O processo de afirmação de gênero não foi fácil para Ranyelis. "Eu andava na rua e era chamada de marica ou coisa pior. As pessoas me encaravam e até corriam atrás de mim. A Venezuela é um paraíso para homofóbicos."

Ela conta que a violência psicológica levou dois amigos, também trans, a cometerem suicídio.

De acordo com dados do projeto Trans Murder Monitoring (Monitoramento de assassinatos de trans), 131 pessoas transexuais foram mortas na Venezuela entre 2008 e 2002. São 4,5 assassinatos por milhão de habitantes.

No mesmo período, o Brasil registrou 1.741 homicídios -8,2 casos por milhão de habitantes.

Dossiê divulgado pela Antra (Associação Nacional de Travestis e Transexuais) na quinta-feira (26) aponta o Brasil, pelo 14º ano consecutivo, como o país com o maior número total de homicídios de travestis e transexuais. De acordo com o documento, 131 indivíduos foram mortos no país em 2022.

A maioria das vítimas tinha entre 18 e 29 anos -a expectativa de vida de uma pessoa trans no Brasil é de 35 anos. Na toada de Brasil e Venezuela, América Latina e Caribe concentram 68% dos assassinados catalogados em todo o mundo desde 2008.

Após sua chegada em terras tupiniquins, Ranyelis passou dez meses em um abrigo em Manaus. Durante esse período, teve regularizada sua situação como refugiada. No começo de 2020, ela então partiu para São Paulo em busca de melhores oportunidades.

Na capital paulista, a venezuelana fez o que pôde para ter alguma renda. Foram dias difíceis, e a falta de apoio pesava, mas só de se sentir mais livre já respirava aliviada, ela conta.

Um dia, rolando o feed de seu Instagram, encontrou outra imigrante trans, a colombiana Camila Queiroz, então abrigada do Casarão Brasil. Ranyelis mandou uma mensagem para Camila e pediu por ajuda. Semanas depois, ambas viviam no abrigo.

"Eu encontrei um lar e devo muito a todos que me acolheram", diz Ranyelis.

Fundada em 2008, a ONG Casarão Brasil conta com um portfólio variado de projetos sociais. A instituição promove eventos culturais, workshops e oficinas de teatro, além de oferecer assistência social e apoio jurídico e psicológico a seus dependentes. Aos estrangeiros são oferecidas também aulas de língua portuguesa.

"A OIM tem trabalhado junto à população migrante LGBTQIA+ e busca realizar atividades de inclusão para essa comunidade. Por isso, a parceria com o Casarão Brasil, que é referência em São Paulo para atividades voltadas a essa população, é tão importante para nós", diz a coordenadora de projetos da OIM, Carla Lorenzi.

"Para nós do Casarão Brasil é uma honra e uma grande responsabilidade essa parceria, pois vamos receber essas pessoas que estão vindo de outras partes do mundo, muitas vezes fugindo de situações de violência e até da própria família.
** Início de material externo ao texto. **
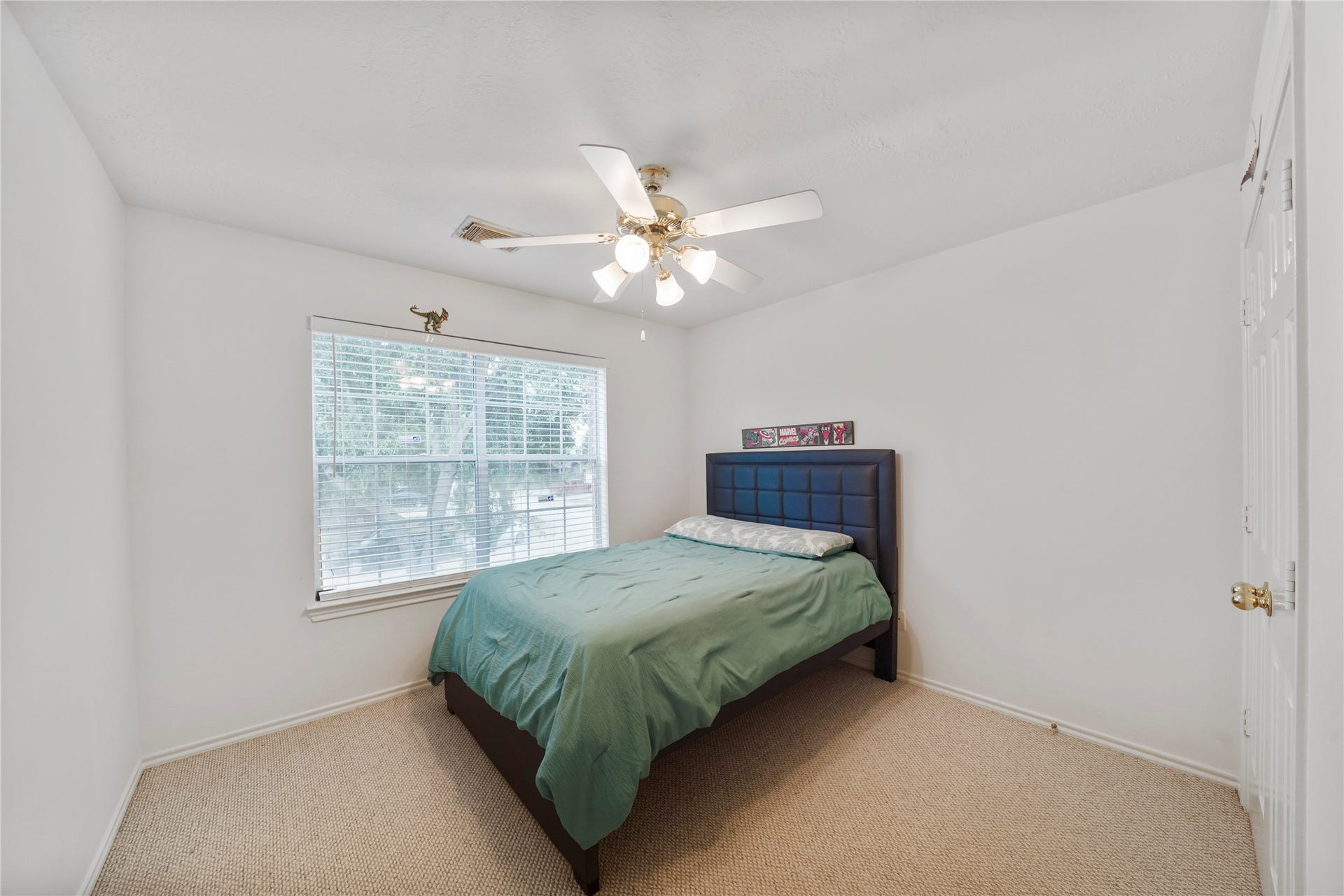 5614 Gaffney Lane, Houston, TX 77084 With a ceiling fan, natural light, and room to personalize, this third secondary bedroom rounds out the upstairs sleeping spaces.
Vamos nos esforçar para atendê-las com muito respeito e amor", diz Rogério de Oliveira, presidente da ONG.

Após sua chegada ao Brasil, Ranyelis estreitou laços com a família, ela diz, com empolgação. Depois de perder dois filhos, a mãe mudou. "Ela diz que é melhor ter uma filha viva, não importa como essa filha seja", conta.

Manter contato com parentes é exceção entre aqueles que vivem no centro de acolhimento, já que muitos estão no Brasil justamente para evitar essa situação. É o caso do marroquino Hamid, 28, morador de São Paulo há 11 meses.
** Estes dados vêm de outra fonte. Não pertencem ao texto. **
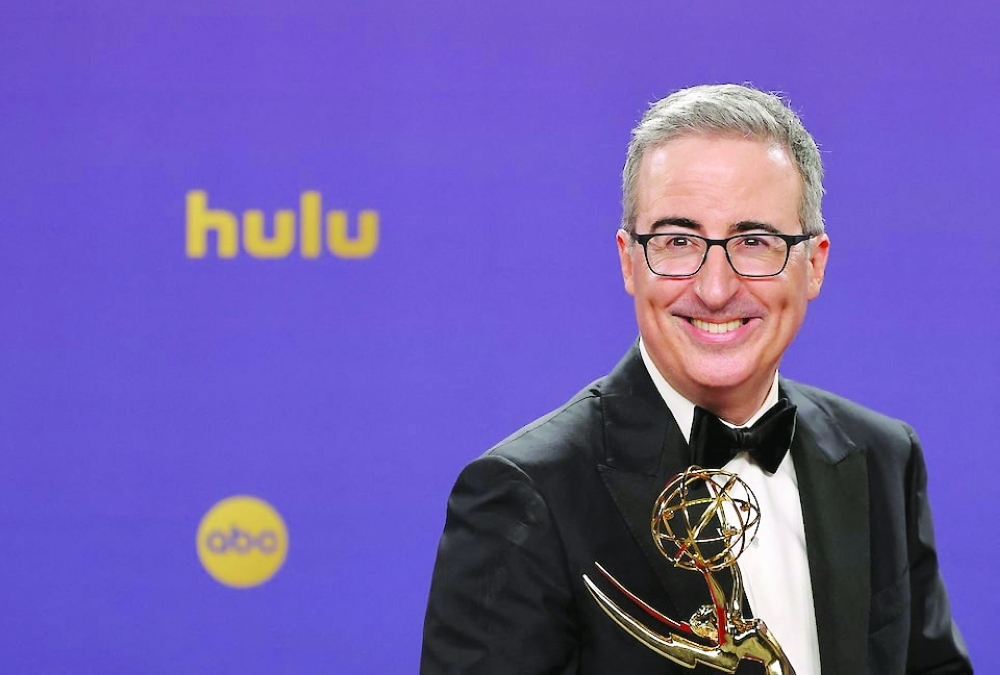 John Oliver poses with the Outstanding Scripted Variety Series award at the 76th Primetime Emmy Awards. — Reuters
O africano vem de uma família islâmica, como 99% da população do Marrocos, e conta que teve sua homossexualidade reprimida durante toda a vida. Até que, no início de 2022, seu irmão o denunciou a autoridades locais por práticas sexuais com outros homens.

Hamid, então estudante de literatura francesa, deixou tudo para trás. Na internet, ele encontrou o Casarão Brasil e entrou em contato com a organização. Em poucos dias, estava a salvo em solo paulistano.

Hamid diz que hoje é mais feliz, mas ainda tem medo de ser encontrado pelo irmão.

Falando um ótimo português, ele se emociona ao contar suas conquistas recentes: conseguiu um emprego em um parque no Bom Retiro (centro da capital) e alugou um imóvel, deixando assim as dependências do Casarão, algo que o enche de orgulho.

Apesar da autonomia recém-adquirida, ele diz que continua frequentando o local para visitar os funcionários, a quem chama de verdadeira família.